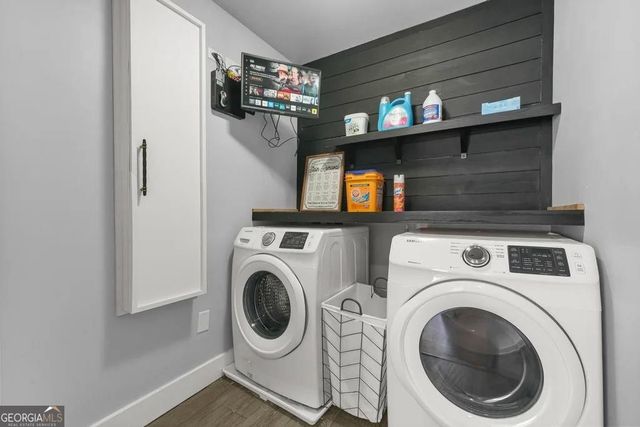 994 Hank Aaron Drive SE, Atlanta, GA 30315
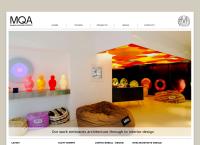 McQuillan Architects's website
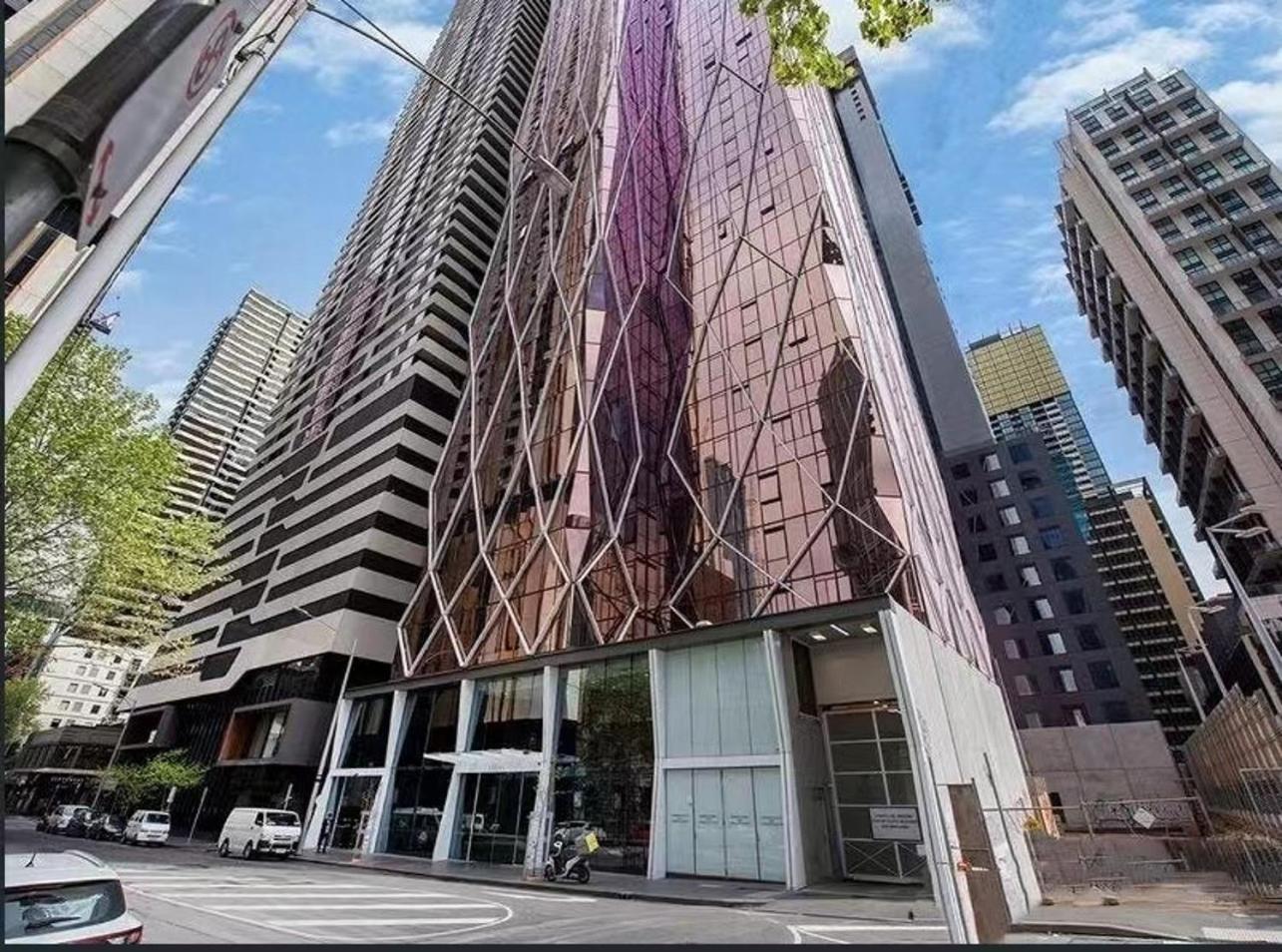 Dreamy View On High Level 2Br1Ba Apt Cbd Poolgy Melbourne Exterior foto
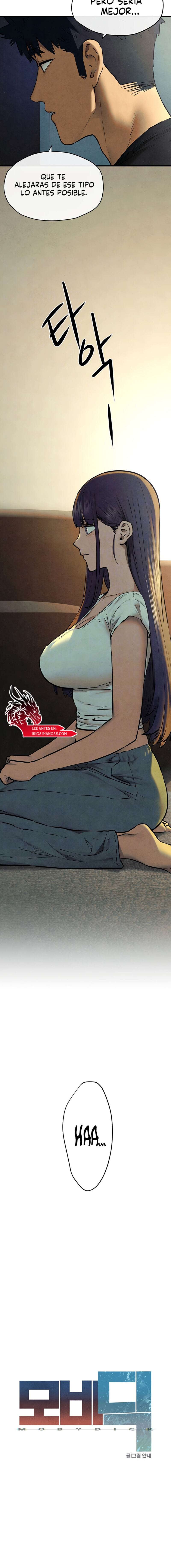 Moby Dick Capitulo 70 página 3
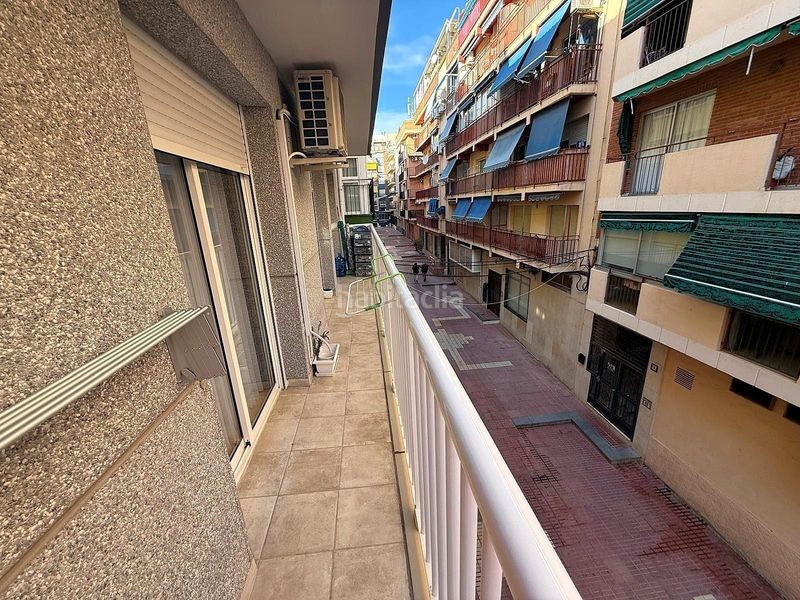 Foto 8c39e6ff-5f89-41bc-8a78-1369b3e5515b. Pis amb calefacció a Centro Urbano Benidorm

--

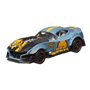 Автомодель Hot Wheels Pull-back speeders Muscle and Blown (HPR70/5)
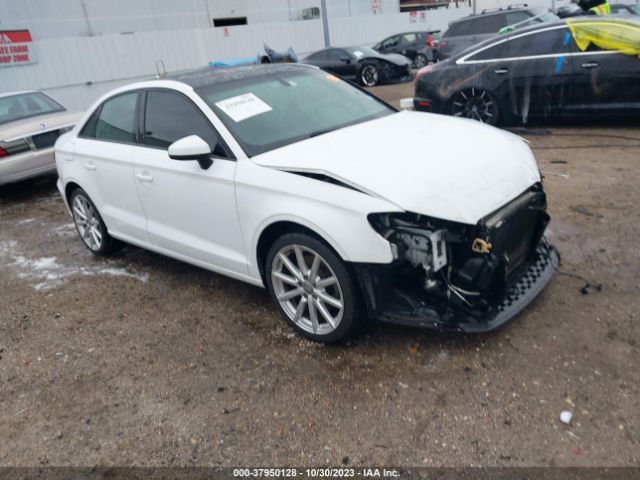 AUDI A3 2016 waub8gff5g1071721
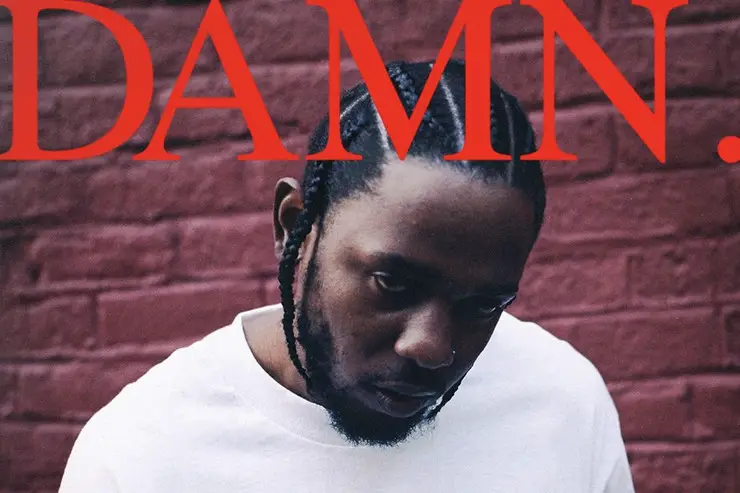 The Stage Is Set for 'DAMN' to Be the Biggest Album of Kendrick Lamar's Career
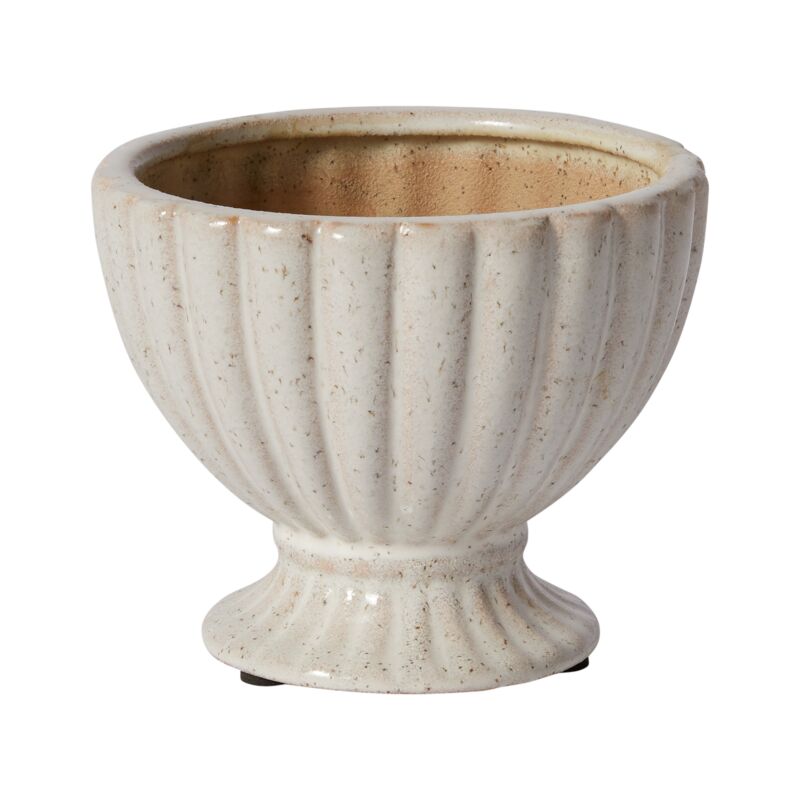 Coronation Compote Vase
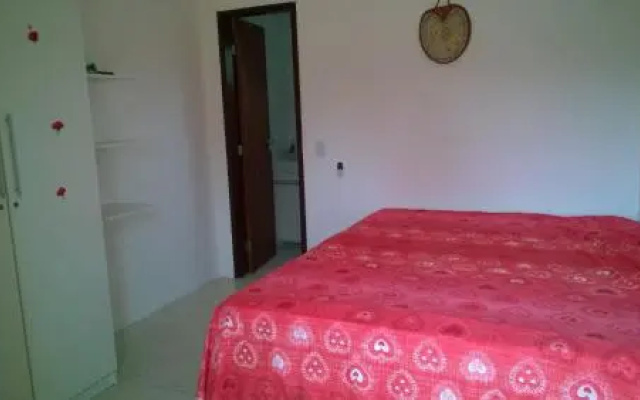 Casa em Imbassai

--

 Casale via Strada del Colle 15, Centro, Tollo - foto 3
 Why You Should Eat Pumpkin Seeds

» **Requirement**: The lines above from the line with "McQuillan Architects's website" through the line with "Foto 8c39e6ff-5f89-41bc-8a78-1369b3e5515b. Pis" are to be given again word for word, with no pictures among them.

» **Task answer**:
 McQuillan Architects's website
 Dreamy View On High Level 2Br1Ba Apt Cbd Poolgy Melbourne Exterior foto
 Moby Dick Capitulo 70 página 3
 Foto 8c39e6ff-5f89-41bc-8a78-1369b3e5515b. Pis amb calefacció a Centro Urbano Benidorm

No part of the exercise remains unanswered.